Improving trade ties between the United States and Africa took a big step forward with the first meeting of the President’s Advisory Council on Doing Business in Africa (PAC-DBIA).
“Our gathering today is part of the administration’s effort to write the next paragraphs in what President Obama called a ‘new chapter in U.S.-Africa relations,’” Secretary of Commerce Penny Pritzker said April 8.
The meeting builds on the August 2014 U.S.-Africa Business Forum, when U.S. companies pledged more than $14 billion of investments in African markets. Obama established the PAC-DBIA in 2014 during the first U.S.-Africa Leaders Summit.

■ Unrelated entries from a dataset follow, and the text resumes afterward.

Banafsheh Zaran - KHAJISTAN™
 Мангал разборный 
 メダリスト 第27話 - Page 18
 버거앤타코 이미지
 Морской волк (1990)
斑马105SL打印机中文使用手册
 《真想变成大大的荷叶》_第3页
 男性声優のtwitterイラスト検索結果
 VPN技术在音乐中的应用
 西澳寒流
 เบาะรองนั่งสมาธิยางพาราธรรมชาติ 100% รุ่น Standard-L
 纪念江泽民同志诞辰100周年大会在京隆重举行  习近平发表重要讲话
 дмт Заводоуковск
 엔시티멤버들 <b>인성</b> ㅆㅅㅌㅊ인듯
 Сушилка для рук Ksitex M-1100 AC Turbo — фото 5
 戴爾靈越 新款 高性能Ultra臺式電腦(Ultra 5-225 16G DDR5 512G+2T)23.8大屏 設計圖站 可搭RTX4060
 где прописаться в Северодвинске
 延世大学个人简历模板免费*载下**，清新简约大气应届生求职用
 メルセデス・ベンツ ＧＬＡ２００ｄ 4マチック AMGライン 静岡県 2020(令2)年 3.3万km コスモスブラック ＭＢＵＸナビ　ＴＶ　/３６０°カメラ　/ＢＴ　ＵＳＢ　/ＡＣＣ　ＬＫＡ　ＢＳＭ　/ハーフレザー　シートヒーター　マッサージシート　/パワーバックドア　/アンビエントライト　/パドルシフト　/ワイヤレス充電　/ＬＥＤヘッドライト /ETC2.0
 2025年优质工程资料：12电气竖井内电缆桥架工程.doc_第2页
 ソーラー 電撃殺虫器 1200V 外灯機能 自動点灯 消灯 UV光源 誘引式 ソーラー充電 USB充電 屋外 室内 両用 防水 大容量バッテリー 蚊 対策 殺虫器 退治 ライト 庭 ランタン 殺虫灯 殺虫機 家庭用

The PAC-DBIA meeting focused on:
- Mobilizing capital: Robust capital markets are essential for any nation to attract long-term investment.
- Improving supply-chain efficiency: Ensuring easy movement of imports and exports helps reduce cost, increase trade efficiency and boost government revenues.
- Building infrastructure: The President’s Advisory Council recommends the creation of a U.S.-Africa Infrastructure Center to identify, assess and prioritize African infrastructure projects.
The African Growth and Opportunity Act (AGOA) allows qualifying African countries to export thousands of goods and products to the United States duty-free. Since 2001, AGOA has helped create 350,000 African jobs and boosted trade between Africa and the United States by 53 percent.
Thanks to AGOA, Americans can enjoy barbecue sauce from Kenya, drink fine wines from South Africa, and wear lab coats from Ghana — just a few of the many African goods and products available to American consumers and helping build African economies.